Thick-skinned, confused politicians

There are some thick-skinned, confused politicians who are turning the concept of parliamentary democracy on its head.
The terminology that politicians use can sometimes be scary especially when it reflects their warped mentality. And the picture we get isn’t usually pretty.
There’s James Masing, who came up with this outrageous statement in the Borneo Post expressing the belief common among some elected reps that they are the masters or bosses of the rakyat:
The confusion, it appears, is concerning the role of the legislature – which are the elected representatives or YBs. All YBs are elected by the people/ voters. During polling day, the rakyat (people) who have been registered as voters are the ‘boss’. The power is invested on rakyat, by the legislature, to elect who should be the Administrator/ Boss of their lives for the next five years.
Once they have elected their YBs or the administrators, the role changes. The elected representatives become the administrators/ boss of the rakyat, while the rakyat plays a subservient role seeking assistance from the YBs from time to time.
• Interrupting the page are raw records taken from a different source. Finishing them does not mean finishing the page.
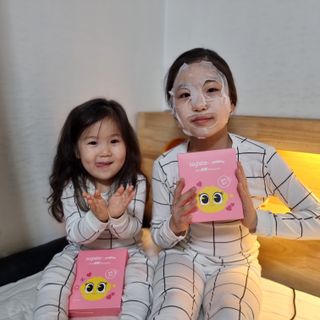 소이베베X신비아파트 키즈 아토 활력 마스크팩(금비 모양) 1+1 — 4점을 준 리뷰어가 2023년 3월 올린 사용 사진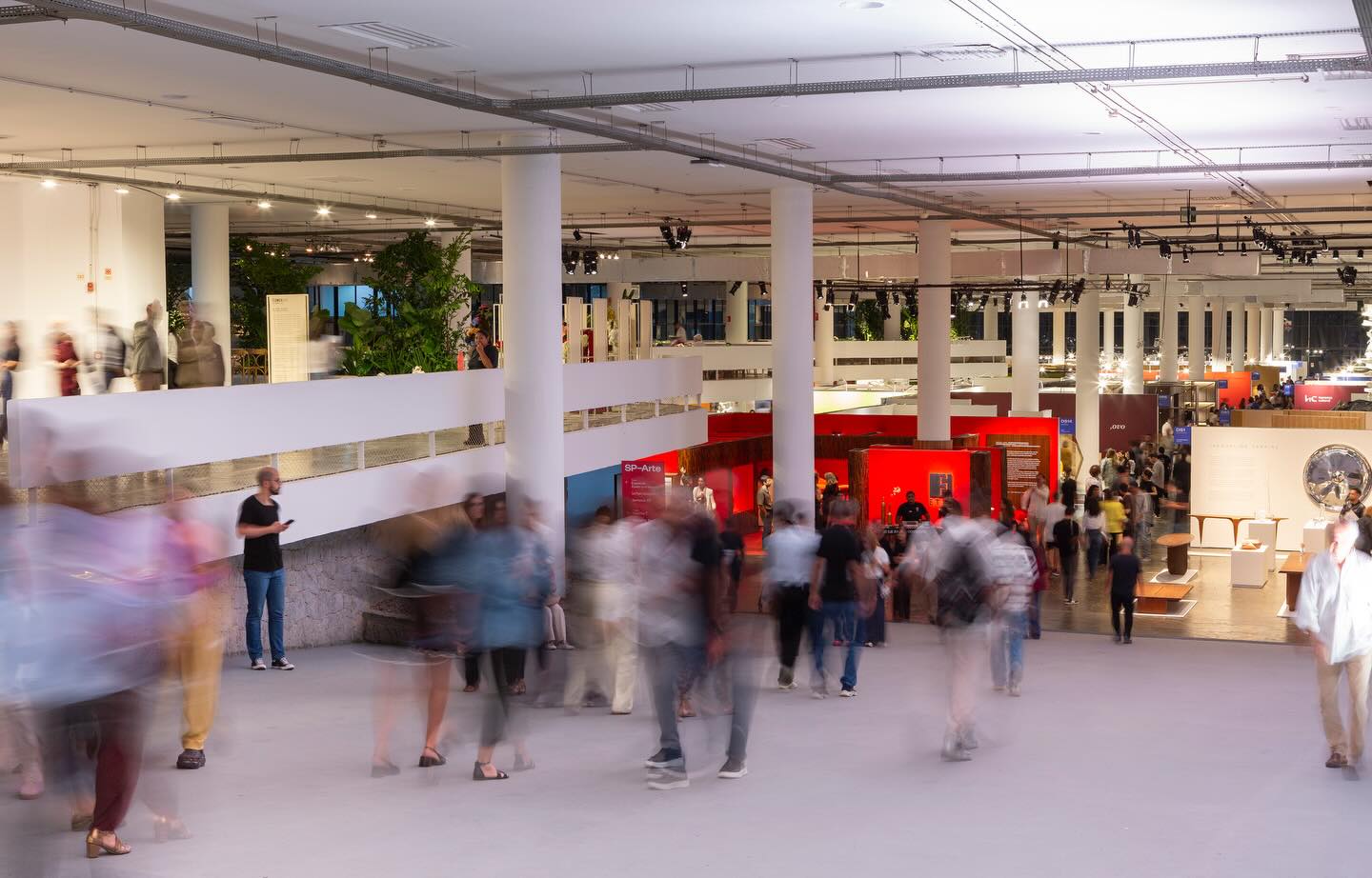 SP-Arte 2026: mercado em ebulição, mas pouco espaço para formação de público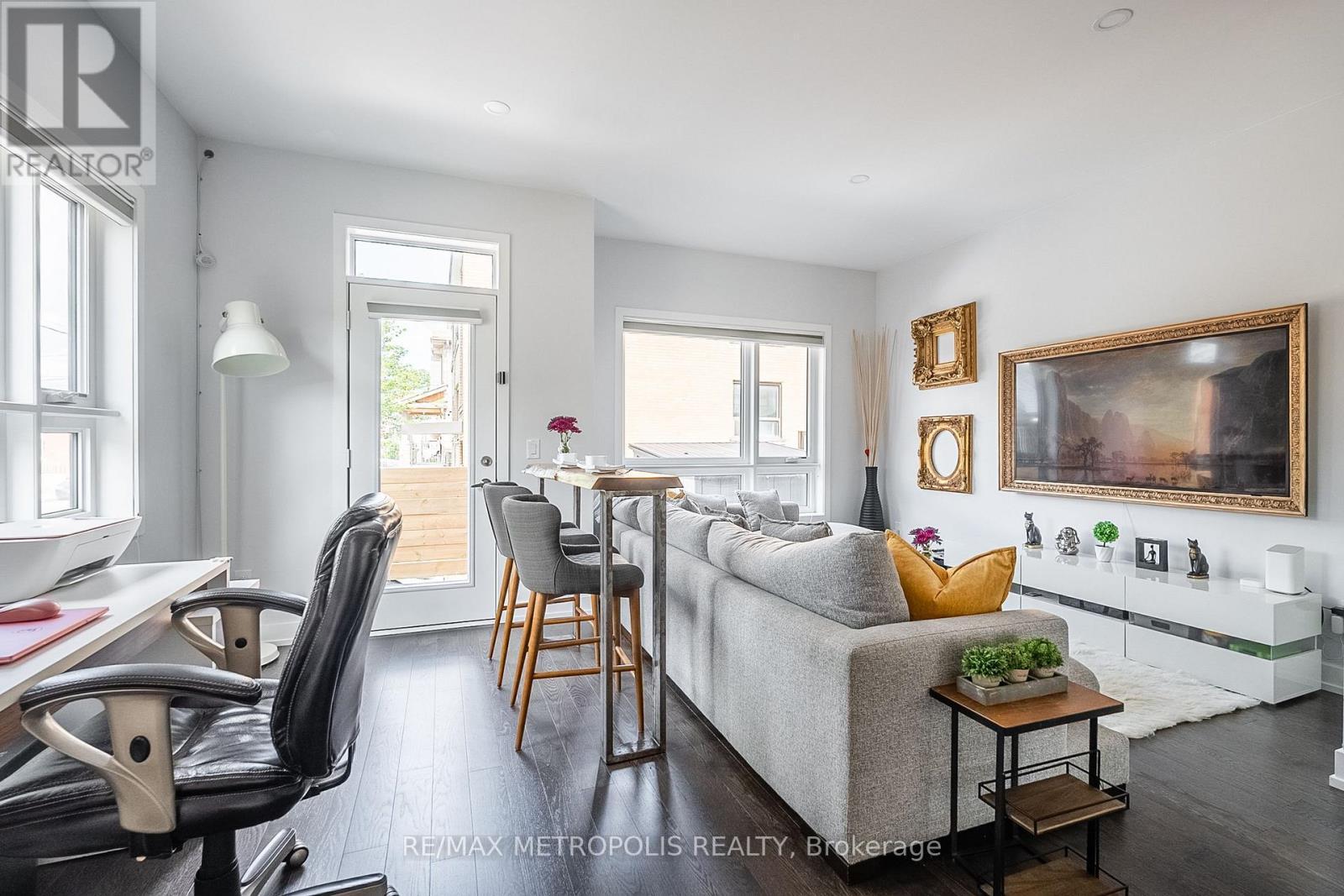 27 Thornton Avenue, Toronto, ON - Indoor Photo Showing Living Room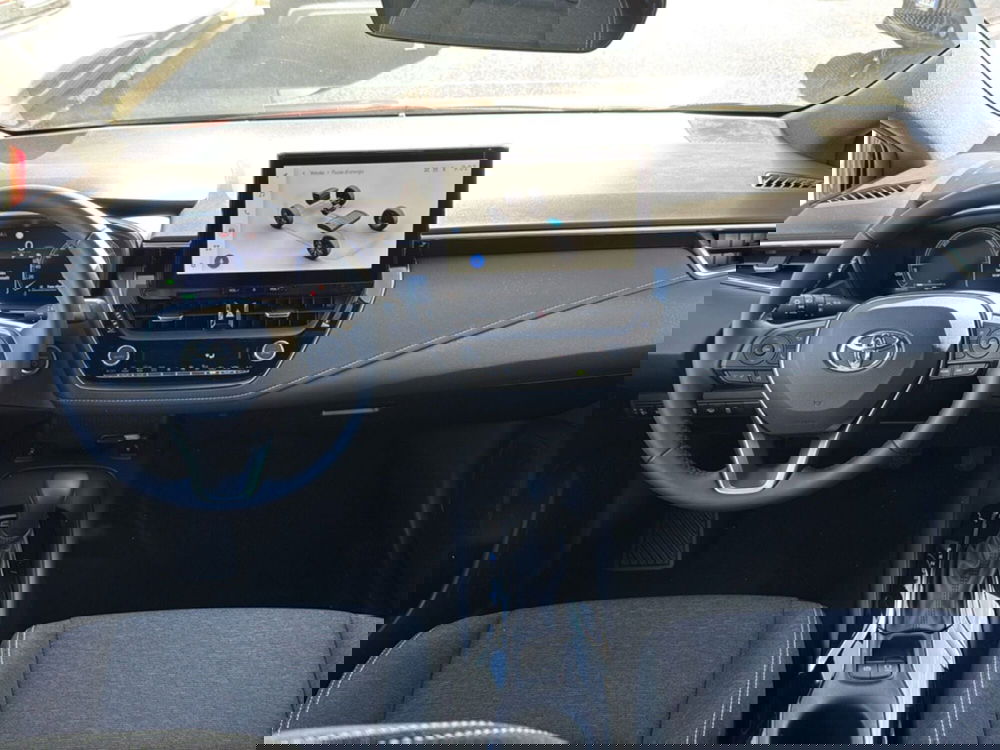 Toyota Corolla Touring Sports nuova a Reggio Calabria (9)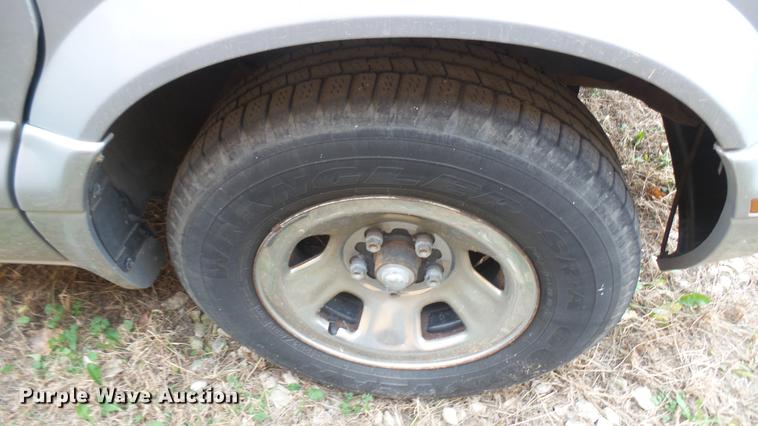 image for item DX9859 2000 Chevrolet Astro van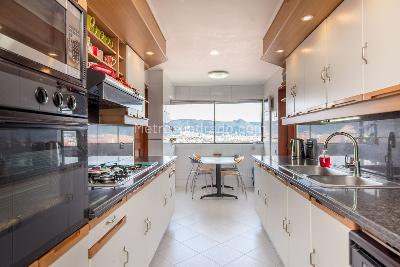 Apartamento de 3 alcobas en venta en Niza Norte, Bogotá, 196 m² · foto 9 de 20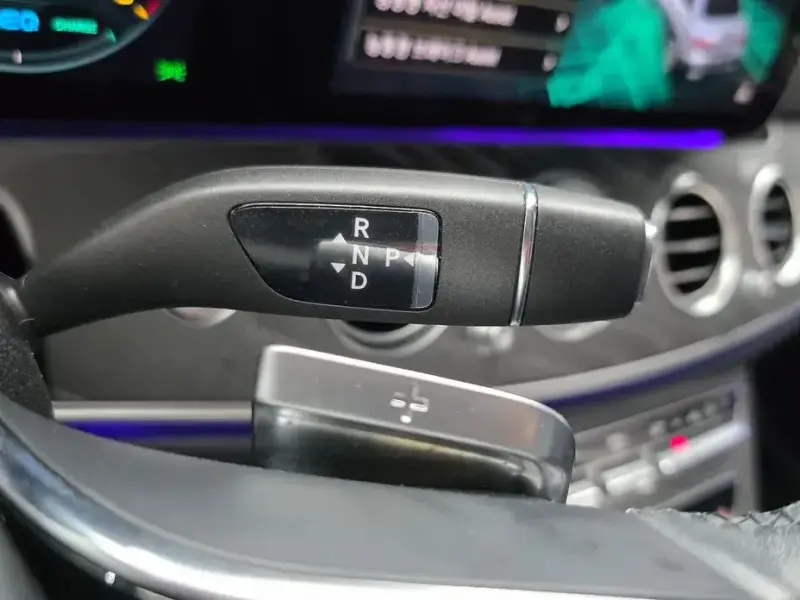 2022 Mercedes-Benz E-Класс с пробегом 28 843 км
Masing said there was no need for him to apologise for his ‘Jangan Lawan Tauke’ remark. “Apologise for what?”
It is James Masing who is utterly confused or ignorant about the nature of elected reps. Someone should tell him that elected reps are there to serve the people and not to lord it over them as bosses or taukeh. Typical feudal mentality!
It’s government of the people, by the people and for the people. Get it?
Then there’s PM Najib, who likens a general election to going to war, indeed “the mother of all battles”. Where once he was talking about defending Putrajaya at all costs even it means “crushed bodies and lost lives”, now he is talking of generals issuing orders to “attack”. This latest statement of his was reported in the Malaysian Insider:
Najib added that the concept of fielding only “winnable candidates” is the final hurdle in BN’s election plans and said all supporters should accept choices made by the coalition’s leaders.
“The choice must be supported by every one of us because we are at war, the mother of all battles. And if we speak of the mother of all battles, we must make preparations…,” he said.
“And there must be a chain of command. If the general says attack, you must all attack at the same time. We cannot win unless we move as a team. And when we are committed, God willing, Selangor will be returned to us.”